The men's 400 metres hurdles at the 2023 World Athletics Championships was held at the National Athletics Centre in Budapest, Hungary from 20 to 23 August 2023.

==Summary==

World record holder #1 Karsten Warholm was back. With three time silver medalist #2 Rai Benjamin and defending champion #3 Alison dos Santos, the top three of all time were there. And don't forget #8 Kyron McMaster. During the semi-finals, 18 year old Roshawn Clarke got inspired trying to chase Warholm, and the result was a new World Junior Record, now called a U20 Record, and #13 of all time. Trevor Bassitt moved to #18 all time with his performance in the semis just to be a time qualifier behind Warholm and Clarke.

Warholm was assigned his favorite lane 7. Outside of him was McMaster in 8 and dos Santos in 9. With Benjamin in 6 and Clarke in 5, all the major players were on the outside of the track. As expected, Warholm took it out hard. Unexpectedly, Benjamin also took it out hard, marginally ahead of Warholm, and McMaster was right there with them. The three were virtually even at the halfway point, and then Warholm started to edge ahead. Down the home stretch, unlike previous meetings, Benjamin was not coming from behind, but instead was watching Warholm pulling away from him. And it was McMaster coming from behind to catch Benjamin before the line for silver.
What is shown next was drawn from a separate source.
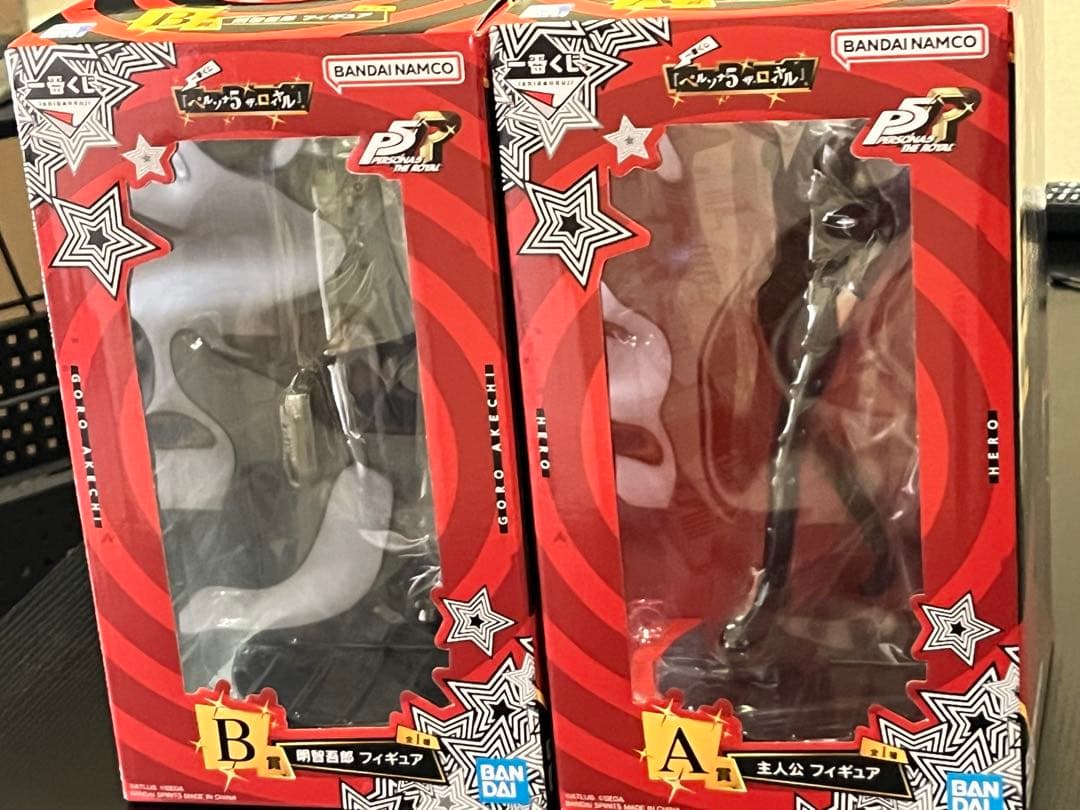 ペルソナ5 一番くじ A賞・B賞フィギュア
Warholm's winning time of 46.89 was the eighth time he has run under 47 seconds, a time that had only been achieved once before 2018. It was Warholm's third World Championship gold medal in this event.

==Records==
Before the competition, records were as follows:

| Record | Athlete & Nat. | Perf. | Location | Date |
|---|---|---|---|---|
| World record | Karsten Warholm (NOR) | 45.94 | Tokyo, Japan | 3 August 2021 |
| Championship record | Alison dos Santos (BRA) | 46.29 | Eugene, United States | 19 July 2022 |
| World Leading | Karsten Warholm (NOR) | 46.51 | Monte Carlo, Monaco | 21 July 2023 |
| African Record | Samuel Matete (ZAM) | 47.10 | Zürich, Switzerland | 7 August 1991 |
| Asian Record | Abderrahman Samba (QAT) | 46.98 | Paris, France | 30 June 2018 |
| North, Central American and Caribbean record | Rai Benjamin (USA) | 46.17 | Tokyo, Japan | 3 August 2021 |
| South American Record | Alison dos Santos (BRA) | 46.29 | Eugene, United States | 19 July 2022 |
| European Record | Karsten Warholm (NOR) | 45.94 | Tokyo, Japan | 3 August 2021 |
| Oceanian record | Rohan Robinson (AUS) | 48.28 | Atlanta, United States | 31 July 1996 |

==Qualification standard==
The standard to qualify automatically for entry was 48.70.

==Schedule==
The event schedule, in local time (UTC+2), was as follows:

| Date | Time | Round |
|---|---|---|
| 20 August | 11:25 | Heats |
| 21 August | 19:33 | Semi-finals |
| 23 August | 21:50 | Final |

== Results ==
=== Heats ===
The first four athletes in each heat (Q) and the next four fastest (q) qualified to the semi-finals.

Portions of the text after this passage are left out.